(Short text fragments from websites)
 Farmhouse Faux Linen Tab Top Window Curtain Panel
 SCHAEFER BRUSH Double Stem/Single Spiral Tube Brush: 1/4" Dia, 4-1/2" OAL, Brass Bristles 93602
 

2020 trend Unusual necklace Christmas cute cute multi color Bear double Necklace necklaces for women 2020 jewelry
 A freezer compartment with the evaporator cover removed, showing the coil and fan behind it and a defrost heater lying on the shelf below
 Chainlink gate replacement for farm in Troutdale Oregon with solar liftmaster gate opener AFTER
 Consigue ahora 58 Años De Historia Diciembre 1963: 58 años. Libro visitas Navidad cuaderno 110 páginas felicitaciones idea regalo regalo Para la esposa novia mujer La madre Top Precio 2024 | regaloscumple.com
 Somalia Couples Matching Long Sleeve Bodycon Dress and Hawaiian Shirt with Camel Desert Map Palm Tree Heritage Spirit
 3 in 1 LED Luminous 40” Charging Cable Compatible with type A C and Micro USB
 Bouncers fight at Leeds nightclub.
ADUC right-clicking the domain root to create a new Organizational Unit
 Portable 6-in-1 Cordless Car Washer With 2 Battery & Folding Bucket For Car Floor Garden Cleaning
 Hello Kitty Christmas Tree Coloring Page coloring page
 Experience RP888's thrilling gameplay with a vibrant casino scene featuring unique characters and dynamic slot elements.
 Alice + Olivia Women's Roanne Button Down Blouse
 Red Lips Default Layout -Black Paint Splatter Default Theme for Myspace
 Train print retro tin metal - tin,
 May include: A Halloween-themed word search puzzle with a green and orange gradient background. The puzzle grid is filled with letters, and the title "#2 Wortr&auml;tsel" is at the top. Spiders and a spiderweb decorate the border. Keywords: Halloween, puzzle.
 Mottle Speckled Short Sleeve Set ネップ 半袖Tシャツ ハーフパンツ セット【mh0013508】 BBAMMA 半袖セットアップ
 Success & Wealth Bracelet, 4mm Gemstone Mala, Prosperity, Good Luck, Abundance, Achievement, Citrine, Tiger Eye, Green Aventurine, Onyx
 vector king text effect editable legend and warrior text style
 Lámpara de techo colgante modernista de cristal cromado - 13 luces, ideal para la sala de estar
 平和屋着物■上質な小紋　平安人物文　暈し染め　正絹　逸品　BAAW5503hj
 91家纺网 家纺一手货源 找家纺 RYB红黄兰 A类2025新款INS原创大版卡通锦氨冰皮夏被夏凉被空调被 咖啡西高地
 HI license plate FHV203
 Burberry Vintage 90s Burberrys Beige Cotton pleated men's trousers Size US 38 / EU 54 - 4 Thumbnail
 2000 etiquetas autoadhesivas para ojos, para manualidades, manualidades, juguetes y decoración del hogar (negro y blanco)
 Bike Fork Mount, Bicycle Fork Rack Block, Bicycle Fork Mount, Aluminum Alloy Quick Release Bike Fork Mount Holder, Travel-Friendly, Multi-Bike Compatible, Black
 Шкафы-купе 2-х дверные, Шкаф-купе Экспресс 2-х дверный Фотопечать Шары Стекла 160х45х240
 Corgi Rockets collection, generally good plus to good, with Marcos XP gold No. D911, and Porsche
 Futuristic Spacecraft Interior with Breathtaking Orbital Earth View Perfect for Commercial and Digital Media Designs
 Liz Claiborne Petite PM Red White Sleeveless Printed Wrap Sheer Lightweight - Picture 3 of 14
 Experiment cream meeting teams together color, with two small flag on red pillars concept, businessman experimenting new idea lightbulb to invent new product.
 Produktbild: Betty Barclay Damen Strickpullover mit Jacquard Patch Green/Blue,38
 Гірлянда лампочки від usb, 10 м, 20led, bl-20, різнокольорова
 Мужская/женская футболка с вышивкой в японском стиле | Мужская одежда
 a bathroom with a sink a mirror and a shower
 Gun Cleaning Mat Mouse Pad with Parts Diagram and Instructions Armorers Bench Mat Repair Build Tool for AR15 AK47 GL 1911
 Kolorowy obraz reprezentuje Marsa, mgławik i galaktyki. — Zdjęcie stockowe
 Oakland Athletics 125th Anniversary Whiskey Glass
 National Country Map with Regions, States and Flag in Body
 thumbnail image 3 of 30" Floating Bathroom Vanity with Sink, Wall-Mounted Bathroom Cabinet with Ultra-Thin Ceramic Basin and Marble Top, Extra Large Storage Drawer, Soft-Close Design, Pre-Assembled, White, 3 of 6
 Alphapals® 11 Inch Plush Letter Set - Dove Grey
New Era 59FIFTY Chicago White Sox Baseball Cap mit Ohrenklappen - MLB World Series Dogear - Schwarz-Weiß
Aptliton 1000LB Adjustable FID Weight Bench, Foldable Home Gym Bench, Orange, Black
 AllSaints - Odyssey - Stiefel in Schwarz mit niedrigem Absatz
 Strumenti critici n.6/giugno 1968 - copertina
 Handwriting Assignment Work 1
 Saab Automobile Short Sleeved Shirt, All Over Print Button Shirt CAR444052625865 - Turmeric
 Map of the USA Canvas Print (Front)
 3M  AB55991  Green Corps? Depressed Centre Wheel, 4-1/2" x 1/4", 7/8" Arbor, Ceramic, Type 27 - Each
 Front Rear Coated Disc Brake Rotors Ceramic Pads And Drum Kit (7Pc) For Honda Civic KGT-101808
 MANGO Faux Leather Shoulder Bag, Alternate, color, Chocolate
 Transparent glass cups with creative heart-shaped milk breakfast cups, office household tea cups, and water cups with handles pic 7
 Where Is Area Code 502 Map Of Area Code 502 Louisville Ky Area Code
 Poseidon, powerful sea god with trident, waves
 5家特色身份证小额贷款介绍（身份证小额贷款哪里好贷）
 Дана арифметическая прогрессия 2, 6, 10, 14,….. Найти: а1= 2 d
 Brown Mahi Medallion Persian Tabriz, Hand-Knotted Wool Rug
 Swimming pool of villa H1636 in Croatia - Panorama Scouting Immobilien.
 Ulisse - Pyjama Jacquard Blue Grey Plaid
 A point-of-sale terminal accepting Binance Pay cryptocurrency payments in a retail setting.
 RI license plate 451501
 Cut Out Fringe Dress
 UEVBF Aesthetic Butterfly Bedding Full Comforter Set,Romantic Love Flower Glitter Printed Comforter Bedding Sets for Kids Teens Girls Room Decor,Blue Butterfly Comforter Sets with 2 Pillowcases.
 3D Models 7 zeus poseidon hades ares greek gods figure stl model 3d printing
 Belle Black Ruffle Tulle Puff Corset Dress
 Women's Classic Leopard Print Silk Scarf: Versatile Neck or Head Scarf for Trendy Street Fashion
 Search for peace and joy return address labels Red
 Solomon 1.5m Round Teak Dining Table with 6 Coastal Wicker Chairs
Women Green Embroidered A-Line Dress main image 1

• _Assignment_: Check each line above for the string "Black" and copy the ones that have it.

• _Task output_:
 Red Lips Default Layout -Black Paint Splatter Default Theme for Myspace
 Bike Fork Mount, Bicycle Fork Rack Block, Bicycle Fork Mount, Aluminum Alloy Quick Release Bike Fork Mount Holder, Travel-Friendly, Multi-Bike Compatible, Black
Aptliton 1000LB Adjustable FID Weight Bench, Foldable Home Gym Bench, Orange, Black
 Belle Black Ruffle Tulle Puff Corset Dress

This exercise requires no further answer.